Questa grandissima riforma ha prodotto ulteriori norme migliorative, specie a seguito dell’approvazione della Convenzione ONU sui diritti delle persone con disabilità nel 2006, che ha cambiato radicalmente il concetto di «disabilità», spostandolo da una caratteristica di salute inseparabile dalla persona alle barriere che l’inadeguata organizzazione della società oppongono al diritto di libertà e di partecipazione sociale, che tali persone hanno su base di eguaglianza con tutti.
Questi principi sono stati introdotti anche, migliorandola, nella normativa per l’inclusione scolastica, ampliandone la portata con il decreto legislativo n. 66/2017 e pure a opera di questo Governo con l’attuazione della legge n. 227/2021 tramite l’emanazione di una serie di decreti, tra i quali importantissimo è il decreto legislativo n. 62/2024 sul «progetto di vita personalizzato e partecipato».

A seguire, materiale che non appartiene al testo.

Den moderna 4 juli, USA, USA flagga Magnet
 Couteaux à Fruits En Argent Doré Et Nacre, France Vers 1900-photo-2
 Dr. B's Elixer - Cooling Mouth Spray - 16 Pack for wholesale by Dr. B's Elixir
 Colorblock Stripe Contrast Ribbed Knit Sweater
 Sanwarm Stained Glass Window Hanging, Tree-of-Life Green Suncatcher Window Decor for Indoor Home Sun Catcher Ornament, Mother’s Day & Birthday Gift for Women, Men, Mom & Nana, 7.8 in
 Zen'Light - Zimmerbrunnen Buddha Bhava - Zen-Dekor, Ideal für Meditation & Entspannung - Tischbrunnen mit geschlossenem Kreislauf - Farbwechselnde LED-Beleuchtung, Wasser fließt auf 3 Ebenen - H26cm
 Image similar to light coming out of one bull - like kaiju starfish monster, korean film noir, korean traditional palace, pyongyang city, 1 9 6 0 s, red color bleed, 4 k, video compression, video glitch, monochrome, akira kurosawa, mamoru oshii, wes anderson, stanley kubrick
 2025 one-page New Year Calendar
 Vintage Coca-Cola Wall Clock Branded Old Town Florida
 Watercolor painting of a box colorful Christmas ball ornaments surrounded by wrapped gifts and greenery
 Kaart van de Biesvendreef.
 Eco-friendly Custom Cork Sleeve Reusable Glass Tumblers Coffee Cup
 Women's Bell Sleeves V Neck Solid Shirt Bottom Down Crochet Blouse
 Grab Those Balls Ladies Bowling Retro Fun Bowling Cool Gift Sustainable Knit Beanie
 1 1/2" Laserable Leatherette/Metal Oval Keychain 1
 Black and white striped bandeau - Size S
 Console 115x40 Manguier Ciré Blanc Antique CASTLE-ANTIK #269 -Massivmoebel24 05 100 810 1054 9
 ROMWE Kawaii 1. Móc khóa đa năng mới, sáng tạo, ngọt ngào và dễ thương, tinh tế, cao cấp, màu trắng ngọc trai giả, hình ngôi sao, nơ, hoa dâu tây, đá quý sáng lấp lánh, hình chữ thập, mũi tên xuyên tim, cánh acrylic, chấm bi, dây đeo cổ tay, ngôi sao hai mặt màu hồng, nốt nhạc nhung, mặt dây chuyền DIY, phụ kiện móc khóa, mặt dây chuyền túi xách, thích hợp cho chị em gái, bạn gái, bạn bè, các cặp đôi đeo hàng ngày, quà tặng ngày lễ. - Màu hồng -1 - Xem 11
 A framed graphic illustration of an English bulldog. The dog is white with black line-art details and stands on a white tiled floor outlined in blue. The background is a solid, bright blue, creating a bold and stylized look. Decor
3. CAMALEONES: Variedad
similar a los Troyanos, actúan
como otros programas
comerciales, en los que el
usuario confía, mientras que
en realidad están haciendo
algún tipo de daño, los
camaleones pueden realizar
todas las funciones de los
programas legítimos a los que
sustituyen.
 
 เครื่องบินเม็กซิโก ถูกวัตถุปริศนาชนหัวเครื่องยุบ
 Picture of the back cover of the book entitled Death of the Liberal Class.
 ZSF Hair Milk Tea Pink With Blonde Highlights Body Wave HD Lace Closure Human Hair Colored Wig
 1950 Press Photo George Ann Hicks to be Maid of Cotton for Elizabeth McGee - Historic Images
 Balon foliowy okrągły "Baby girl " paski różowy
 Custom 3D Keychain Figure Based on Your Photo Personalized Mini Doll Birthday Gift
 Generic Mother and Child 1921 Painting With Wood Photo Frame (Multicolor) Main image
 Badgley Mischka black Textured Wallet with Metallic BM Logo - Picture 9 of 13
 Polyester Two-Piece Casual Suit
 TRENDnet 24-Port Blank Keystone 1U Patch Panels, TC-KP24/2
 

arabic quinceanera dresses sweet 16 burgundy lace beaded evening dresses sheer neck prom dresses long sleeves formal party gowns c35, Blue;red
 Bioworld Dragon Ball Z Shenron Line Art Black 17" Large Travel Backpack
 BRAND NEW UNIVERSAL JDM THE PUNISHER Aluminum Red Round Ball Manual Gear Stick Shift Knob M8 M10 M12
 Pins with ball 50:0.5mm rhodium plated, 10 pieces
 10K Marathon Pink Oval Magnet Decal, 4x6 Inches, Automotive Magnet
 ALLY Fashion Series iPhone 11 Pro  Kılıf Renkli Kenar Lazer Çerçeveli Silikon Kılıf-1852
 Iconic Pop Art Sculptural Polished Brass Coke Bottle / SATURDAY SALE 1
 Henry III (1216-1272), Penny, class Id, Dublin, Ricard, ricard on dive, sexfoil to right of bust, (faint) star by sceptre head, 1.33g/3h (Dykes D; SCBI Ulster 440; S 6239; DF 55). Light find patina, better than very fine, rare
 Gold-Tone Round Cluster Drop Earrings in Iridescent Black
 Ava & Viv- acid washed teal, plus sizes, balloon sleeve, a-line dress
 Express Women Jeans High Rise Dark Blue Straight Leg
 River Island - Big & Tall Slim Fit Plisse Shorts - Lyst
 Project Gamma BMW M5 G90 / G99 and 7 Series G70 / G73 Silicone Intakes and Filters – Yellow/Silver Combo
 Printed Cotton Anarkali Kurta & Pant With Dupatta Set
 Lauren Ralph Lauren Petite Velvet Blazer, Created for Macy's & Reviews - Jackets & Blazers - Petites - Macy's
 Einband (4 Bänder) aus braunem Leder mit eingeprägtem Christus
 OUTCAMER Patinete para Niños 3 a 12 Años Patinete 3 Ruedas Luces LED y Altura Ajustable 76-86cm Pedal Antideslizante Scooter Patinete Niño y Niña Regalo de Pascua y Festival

Però questa crescente attività legislativa non è attualmente fruibile dagli studenti con disabilità a causa della mancata emanazione di una grande serie di norme secondarie, amministrative, proprio di competenza del Ministero dell’Istruzione e del Merito, che purtroppo ha anche interrotto il dialogo con le stesse persone, tramite le loro associazioni, a causa della mancata convocazione da circa due anni dell’Osservatorio scolastico che deve affrontare i vari problemi che sono venuti maturando.
È auspicabile che il dialogo inizialmente fruttuoso tra Ministero e associazioni, tramite l’Osservatorio, possa riprendere prestissimo, a vantaggio non solo dei diritti degli studenti con disabilità, ma di tutta la scuola italiana, di cui l’inclusione è non solo parte, ma essenza strutturale indispensabile. Infatti, così ha affermato la Corte costituzionale nella famosa sentenza n. 215 del 1987, secondo la quale, per gli alunni con disabilità, capacità e merito non vanno valutati secondo parametri standardizzati, ma tenendo conto delle peculiarità derivanti dalle specifiche minorazioni.
Pertanto è auspicabile sia che si apra in tutte le classi un dialogo costruttivo tra docenti e studenti sulla valutazione formativa sia che si riapra il dialogo tra Ministero e associazioni per emanare e monitorare le norme che possano valutare e migliorare sempre più la qualità dell’inclusione scolastica.